Auch im darauffolgenden Jahrhundert verlieren die Werke nichts von ihrer moralisierenden Funktion. Künstler wie der Niederländer Johannes Vermeer gehen diese Bildgattung jedoch weniger unmittelbar belehrend an. Seine Werke, wie die Szenen mit jungen Frauen, bieten dem Betrachter mehr Raum zur Interpretation und zeigen das Genrebild eher von einer geheimnisvollen und rätselhaften Seite. Perspektive, Lichtsituation, Architekturen, Stoffe und Materialien aller Art – all dies spielt eine entscheidende Rolle für seine fast mystischen und hoch ästhetisierten Alltagsszenen. Der Künstler zeigt hier mit vermeintlich alltäglichen Sujets sein ganzes Können und macht die Malereien zu einem Fest für die Augen.

Johannes Vermeer, Milchmagd (1658-1660)

Die zeitgenössische Genremalerei

In der zeitgenössische Malerei werden weiterhin Alltagsszenen dargestellt, die man als Genreszenen bezeichnen könnte. Mit diesen können wir uns heute selbstverständlich viel mehr identifizieren als mit dem Alltag einer Delfter Milchmagd des 17. Jahrhunderts. Aber was macht den Reiz der zeitgenössischen Genrebilder aus? Wir schauen uns einige Beispiele unsere Künstler an und werfen einen Blick auf die ästhetischen Merkmale dieser Kunstwerke.

Mit seinem Kunstwerk Lecture du quotidien zeigt uns der französische Maler Alain Pontecorvo eine alltgägliche Tätigkeit. Die lesende Person rückt in den Hintergrund, Hauptaugenmerk liegt auf der Zeitung. Wie auch in den Genreszenen des 16. und 17. Jahrhunderts, wird bei genauerem Hinsehen sofort klar, dass es sich hierbei um eine perfekt inszenierte Komposition handelt. Wir sehen keinen Hintergrund, lediglich eine Lichtquelle von rechts verortet die Person auf dem Stuhl sitzend im Raum. Diese künstlerische Inszenierung ähnlich einer Theaterbühne betont die Ästhetik des Alltäglichen.

Alain Pontecorvo, Lecture du quotidien (2013)

Der britische Künstler John Macaulay gewährt uns mit seinen Werken der Reihe Domestic Interiors Einblick in die Haushalte Großbritanniens. Seine Art der Darstellung vermeintlich trivialer Szenerien zeigt uns hingegen vielmehr als das.
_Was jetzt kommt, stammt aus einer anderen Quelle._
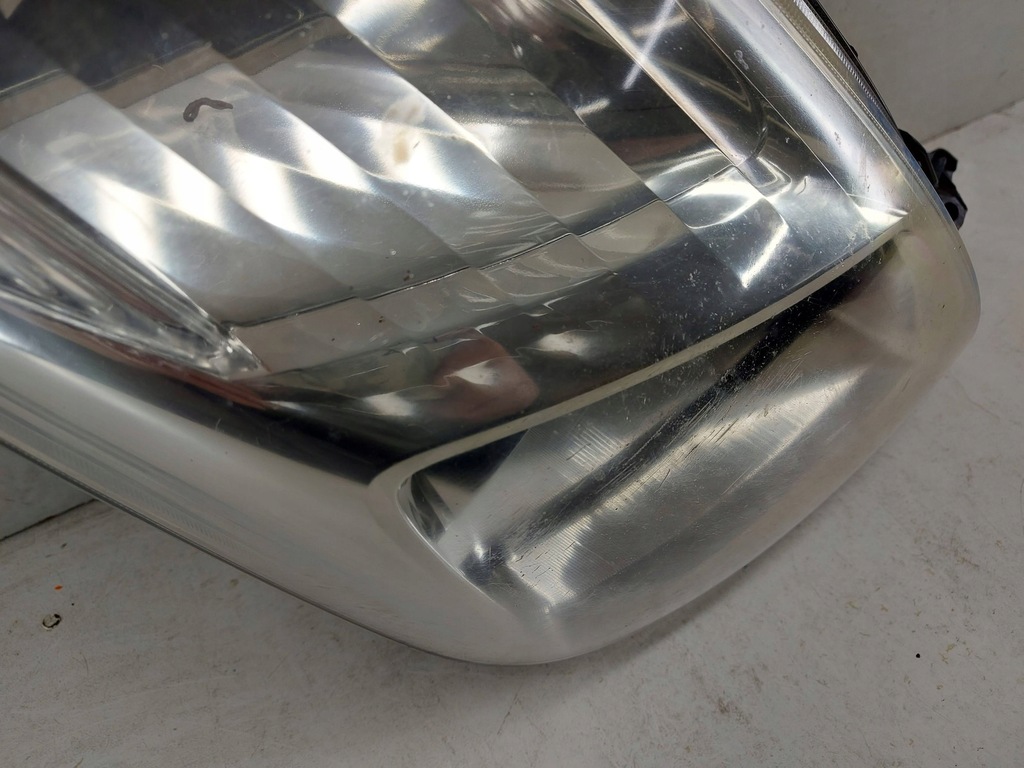 фото №7, Toyota prius 03-07 правая лампа передняя перед фара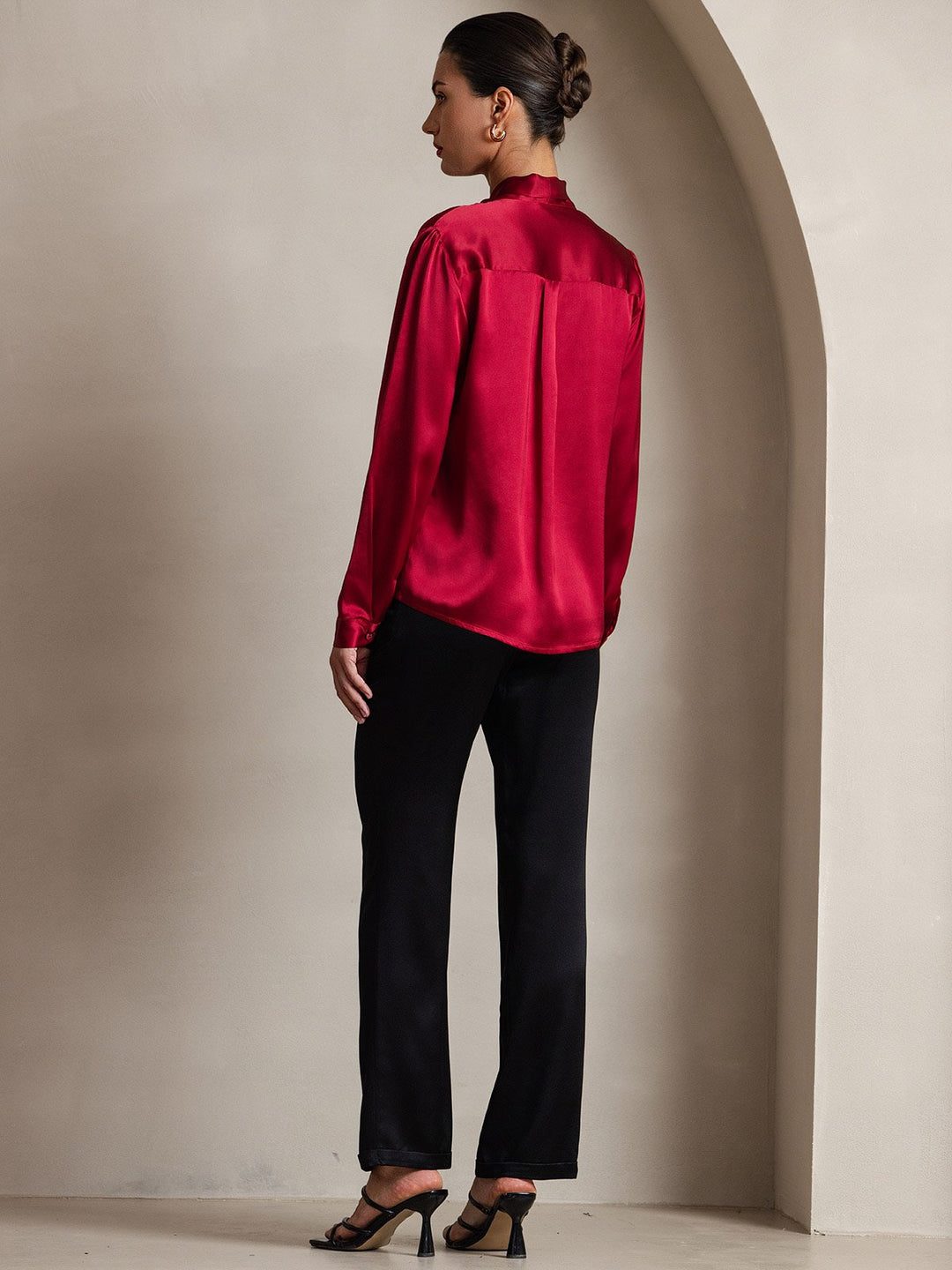 Heidi-Mode | Damen Elegante Seidenbluse mit Schlipskragen und Langen Ärmeln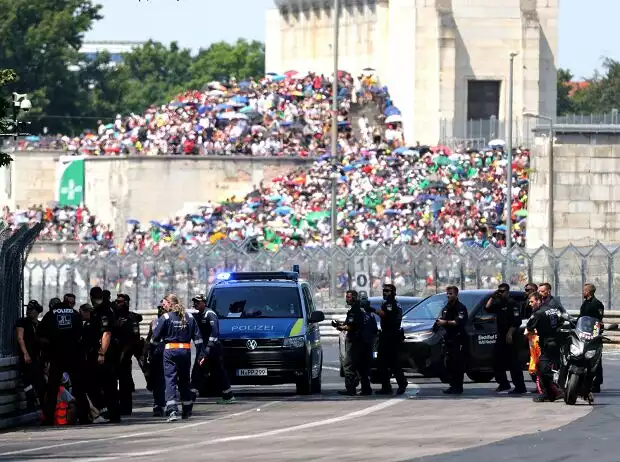 Klebe-Protest der "Letzten Generation" beim DTM-Rennen auf dem Norisring 2023 Titel-Bild zur News: Klebe-Protest der "Letzten Generation" beim DTM-Rennen auf dem Norisring 2023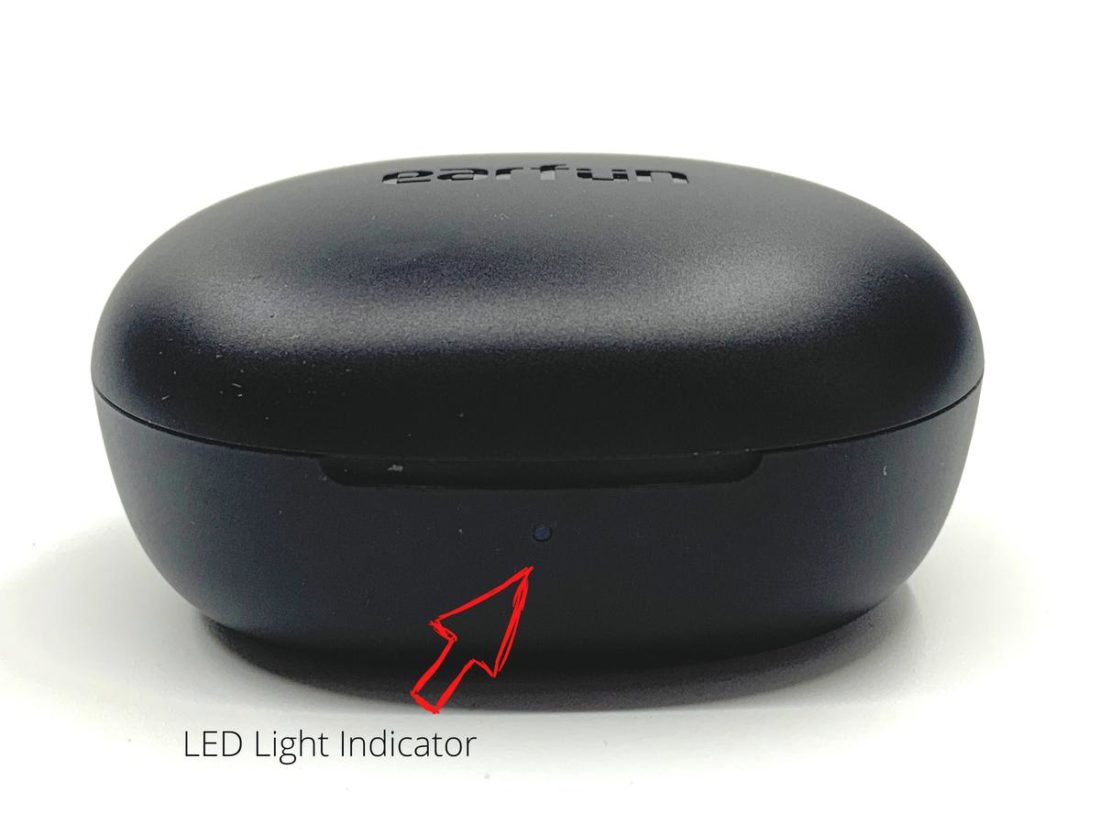 The LED light indicator near the opening of the case displays battery level and charging status of the case.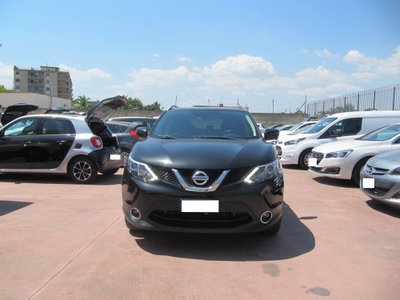 Nissan Qashqai 1.6 dCi 2WD Tekna (3)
Mit Witz und Ironie setzt er das kleinbürgerliche Leben in Szene und lässt uns dabei über die dargestellten Personen oder sogar uns selber schmunzeln, sollten wir uns selbst in einigen Szenen wiedererkennen – die Genremalerei als Mittel der Selbstironie.

John Macaulay, Sunday (2016)

Das Werk Tour de Table des französischen Malers Marc Dailly zeigt uns ein familiäres Abendessen. Die Perspektive erinnert an eine Fotografie mit Fischaugenobjektiv. Gesten und die Haltung der dargestellten Kinder und Erwachsenen wirken nicht gestellt, eher wie eine Momentaufnahme. Besonders frappierend und einzigartig unter den in diesem Artikel aufgeführten Werken ist, dass wir selbst Teilnehmer der Alltagsszene werden. Wir haben es mit einem immersiven Bild zu tun: Der Teller am unteren Bildrand zeigt an, dass wir als Betrachter mit der Familie am Tisch sitzen.

Marc Dailly, Tour de Table (2017)

Diese Vielfältigkeit der Genreszenen, von denen wir hier nur einen kleinen Ausschnitt genauer betrachten konnten, macht klar, warum die Genremalerei noch heute so interessant ist. Wohl kaum ein anderes Genre ist so nah an unserem Alltag, bedient sich unserer Gewohnheiten sowie Sitten und setzt diese auf eine facettenreiche Weise ins Bild, mal mit Witz und Ironie, mal mit inszenierter Ästhetik, die uns staunend zurücklässt.